Sohn believes the government needs to become less involved now. "The government should step back and let the market do its work unless disorderly conditions come back. We tend to focus on the recent setback. But the overall market is still up about 70 percent from a year ago and the best performing market in Asia. Isn't that good enough?" he said.

In looking for clues to the impact the stock market turbulence may have on China's economy, economists note that the market doesn't represent a major part of the overall economy.

"It's not clear that the market is that big a part of the Chinese economy," said Schoenholtz.

"The recent setback in the stock market should have minimal impact on the overall economy. Only a very small fraction of the Chinese economy is affected by the market," said Sohn.

Writing for the online magazine Slate, Stephen S. Roach, a faculty member at Yale University and former chairman of Morgan Stanley Asia, also discounts a serious shock to the Chinese economy from the market chaos.

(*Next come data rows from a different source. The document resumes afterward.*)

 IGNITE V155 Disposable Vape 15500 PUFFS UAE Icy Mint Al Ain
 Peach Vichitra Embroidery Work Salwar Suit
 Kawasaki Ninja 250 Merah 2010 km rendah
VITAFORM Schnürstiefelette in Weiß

"Consumption is only 36 percent of its GDP (gross domestic product)-literally half that in the US, where consumer demand growth has been more than halved over the post-bubble period of the past seven years. While speculators who were borrowing on margin to buy stocks will undoubtedly feel pain as the Chinese bubble bursts, these impacts are likely to be limited. China, with its still-embryonic consumption sector, and without an American-style overhang of household debt, is unlikely to suffer from the wrenching balance-sheet recessions that afflicted the United States and Japan," Roach said.

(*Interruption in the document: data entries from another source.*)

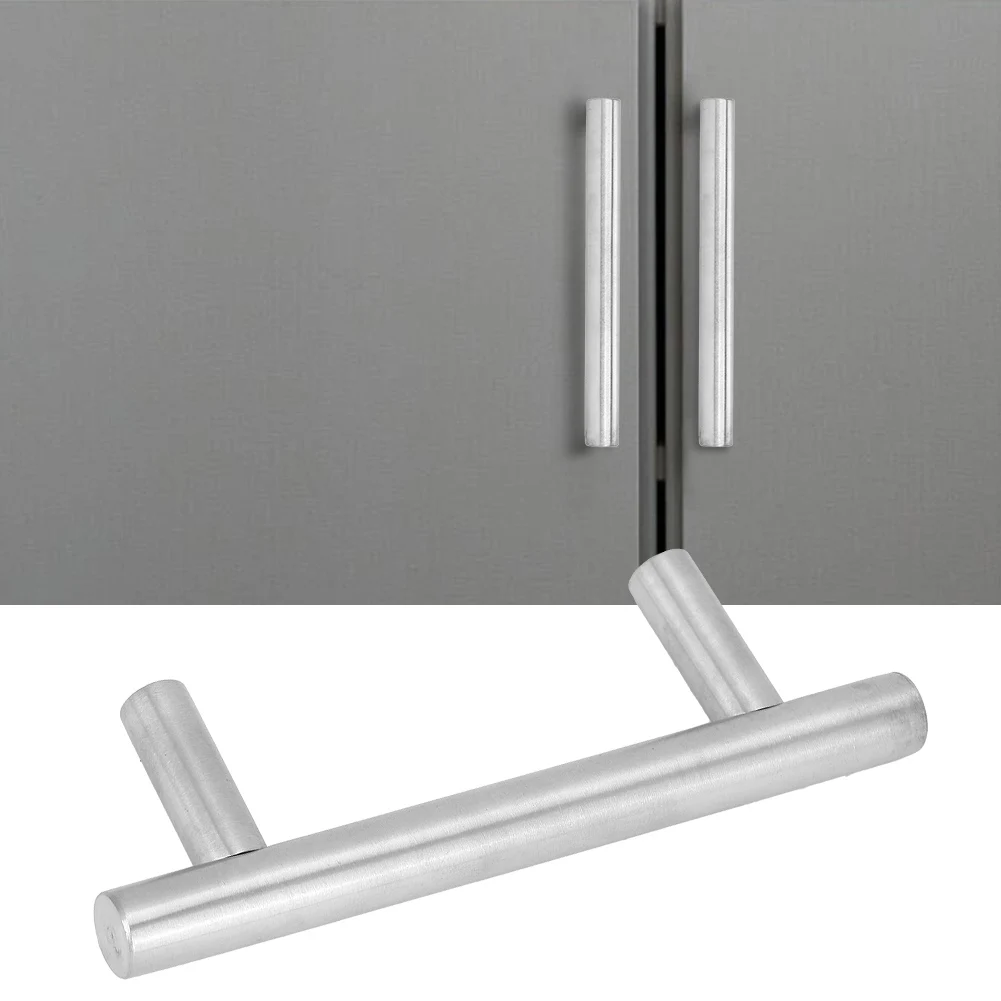 8 шт. Из нержавеющей стали TBar ручка мебель для дома фурнитура шкафов ящик двери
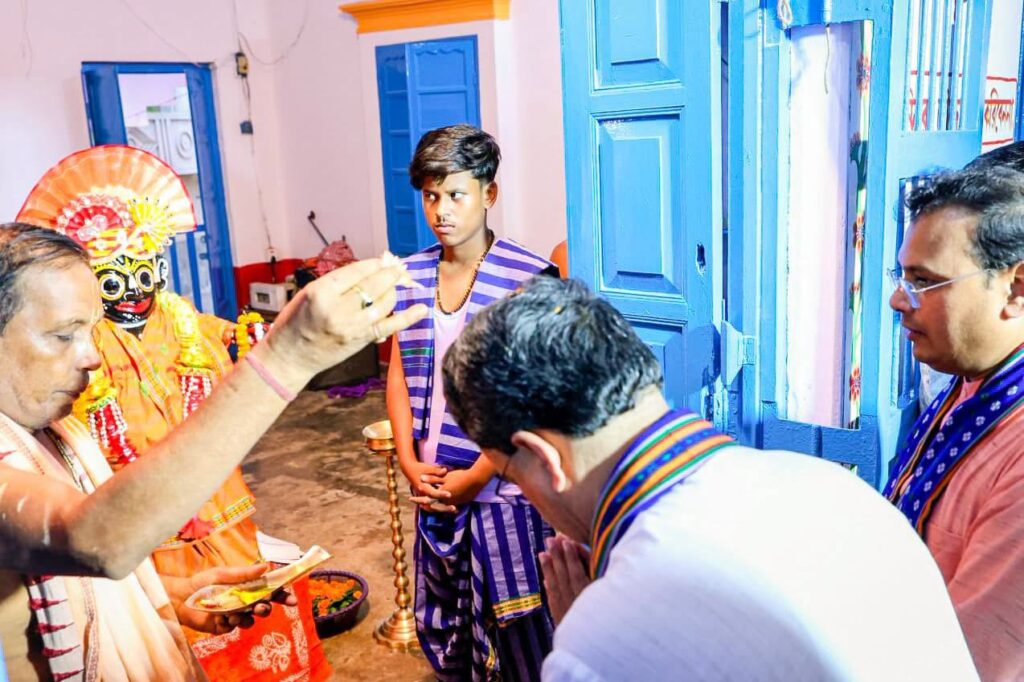 CM Manik Saha Celebrates Melaghar Rath Yatra Heritage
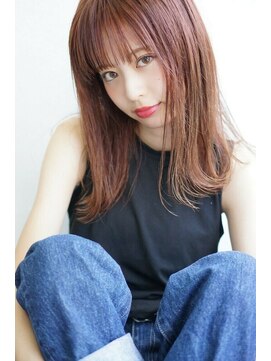 ルモア(RUMOR) Rumor【ピンクカラー×3Dカラー】ピンクアッシュジグザグバング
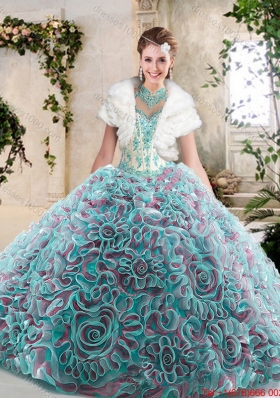 New Arrivals Halter Top Quinceanera Dresses with Appliques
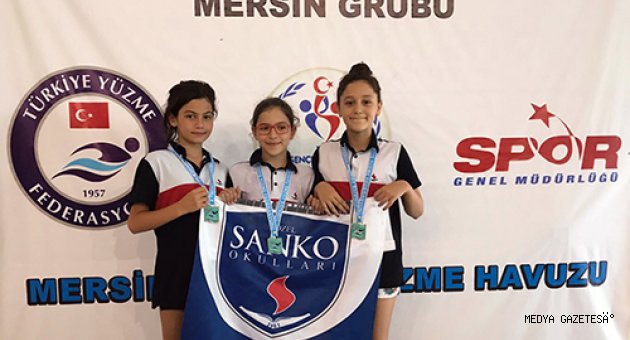 ÖZEL SANKO OKULLARI’NIN YÜZME BAŞARISI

Last week, Olivier Blanchard, the International Monetary Fund's economic counselor and director of research department, said the stock market plunge will have little effect on the world's second-largest economy.

"The bubble has burst…. And that's potentially worrisome. How worrisome is it? We don't think very much," he said, explaining that the capitalization of the Chinese stock market in the GDP is much smaller than in countries such as the US, therefore less effect on the overall economy.

"My sense is that Chinese people should be used to the wild gyration of the stock market. This is not the first one. It may not be the last one. So I think it's very much a sideshow," he said.